Nicknames turning into surnames

  • Many English surnames are shown to derive from rhyming or shortened nicknames: Richard → Rick → Dick → Dixon; Robert → Rob/Bob → Robinson, Dobson; Simon → Simme → Simpson; Bartholomew → Bat/Bate → Bates/Beattie; Roger → Hodge/Dodge → Hodgson/Dodgson; Theobald → Tibb → Tibbs; Hugh → Hud → Hudson, etc.
  • Realizations that Nixon = Nick’s son, Robinson ≈ Robertson, Dawson = David’s son, Harris/Harrison from Harry/Henry, etc.
  • Long digression on traditional English nicknames: William → Will/Bill, Margaret → Meg/Peg, Mary → Molly/Polly, John → Jack, Henry → Harry/Hank/Hal, Elizabeth’s many variants, etc.

Letters, diacritics, and spelling drift

  • Argument over whether characters like ö, é are “separate letters” or base letters with diacritics; examples from Icelandic, French, German, Hungarian, etc., including sorting conventions.
  • Discussion of how diacritics are treated when keyboards or systems can’t easily produce them, and of alternate spellings (e.g. Hülsbeck/Huelsbeck).
  • Note that “nickname” itself comes from rebracketing “an ekename” → “a nekename”.

Marriage, gender, and surname transmission

  • Historical English usage of “Mrs John Smith” and analogues, still visible in wedding invitations and older etiquette; some find this offensive or obsolete.
  • Anecdotes of banking and paperwork problems when checks are written to non-existent “Mrs Husband’s Name”.
  • Comparisons to Spanish dual-surname systems, Norwegian two-surname children, hyphenated or merged surnames, and proposals for “union names” or random inheritance of one surname from each parent.
  • Descriptions of culturally specific systems: Lithuanian gendered and marital suffixes, Hungarian women historically adopting husbands’ full names, Japanese terms like 奥さん (okusan).

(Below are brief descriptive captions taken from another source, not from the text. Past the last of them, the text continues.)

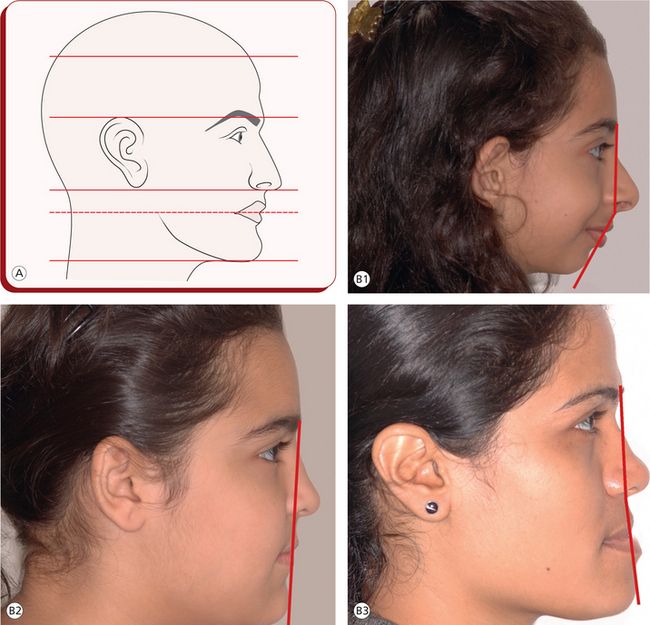 1 Craniofacial growth Pocket Dentistry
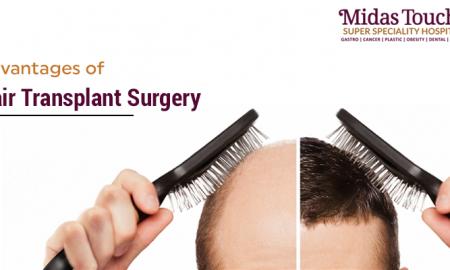 Advantages of Hair Transplant Surgery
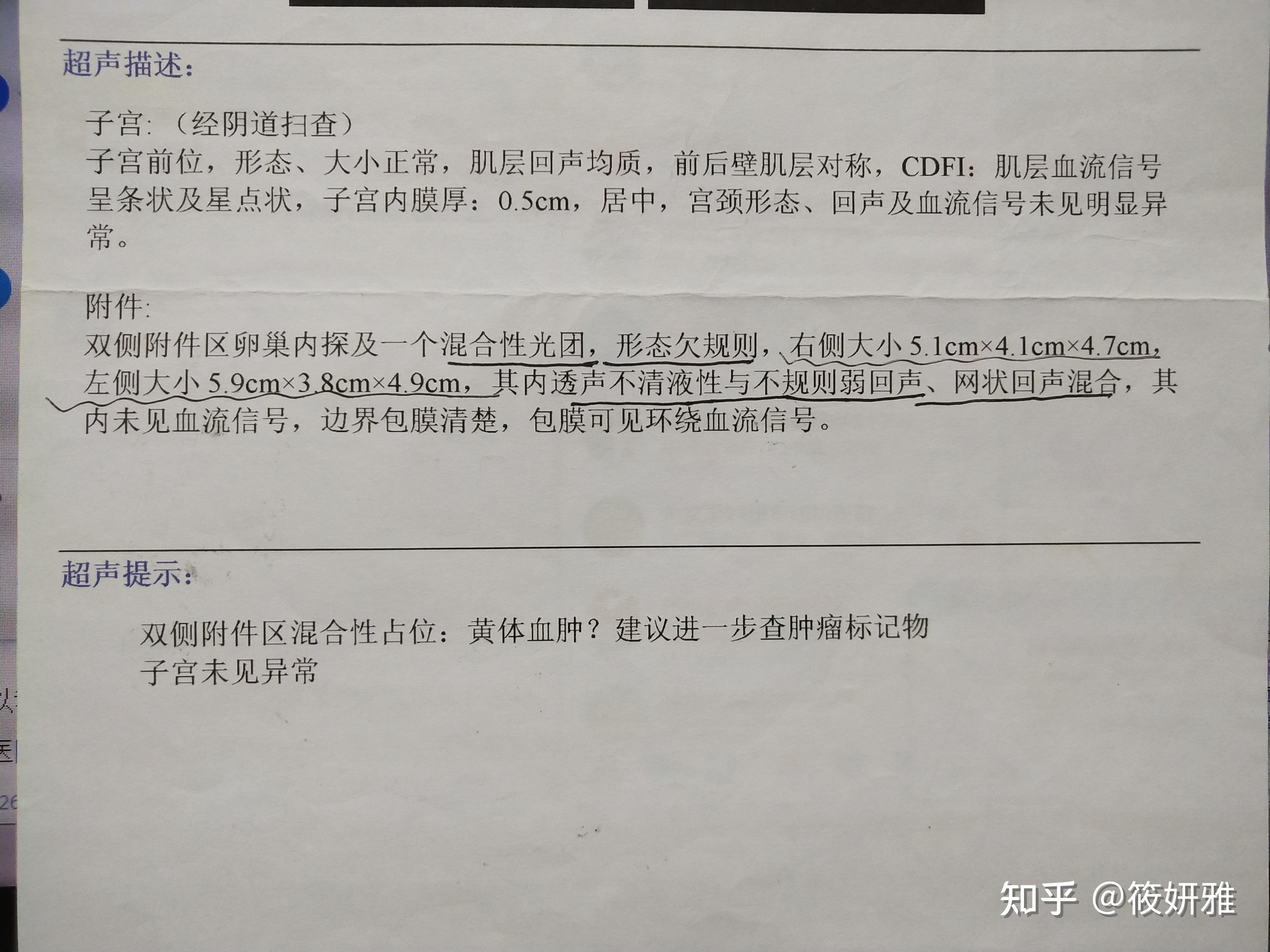 巧克力囊肿可以怀孕吗图片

Diminutives and augmentatives in English

  • Historical English diminutive -kin noted (napkin, pumpkin, munchkin, bodkin, firkin, catkin), but essentially no longer productive in everyday speech.
  • Modern productive diminutives are mostly -y/-ie (Johnny, kitty, tummy), plus -let (applet, hamlet), -ling (duckling), -ette (cigarette), occasionally -o (kiddo, doggo); mostly used for children, informality, or specialized jargon.
  • Thread compares this to very productive diminutives/augmentatives in Romance languages (-inho/-inha, -ito/-ita, -ón/-ona), which English lacks.

Immigration, transcription, and myth-busting

  • Multiple family anecdotes of surnames changing spelling (e.g., -sen to -son, farm names altered, Slavic diacritics lost) through bureaucratic error, low literacy, or later voluntary “Americanization”.
  • Others stress historians’ consensus that Ellis Island officials did not routinely rename immigrants; changes mostly came from immigrants themselves or later generations.
  • Transliteration from non-Latin scripts (Russian, Arabic, Greek) shown to be inconsistent across languages and time.

Other notable curiosities

  • Occupational surnames and roles: Peterman linked to saltpeter work; Baxter as female Baker; King/Lord/Virgin as actor roles in medieval mystery plays.
  • Examples of culture-specific kinship or ordinal naming (Roman numerals in praenomina, Japanese numbered sons, English Junior/Chip/Trip/Skip patterns).
  • Several commenters express surprise at how many “ordinary” English surnames encode forgotten nicknames or family relationships once you know the patterns.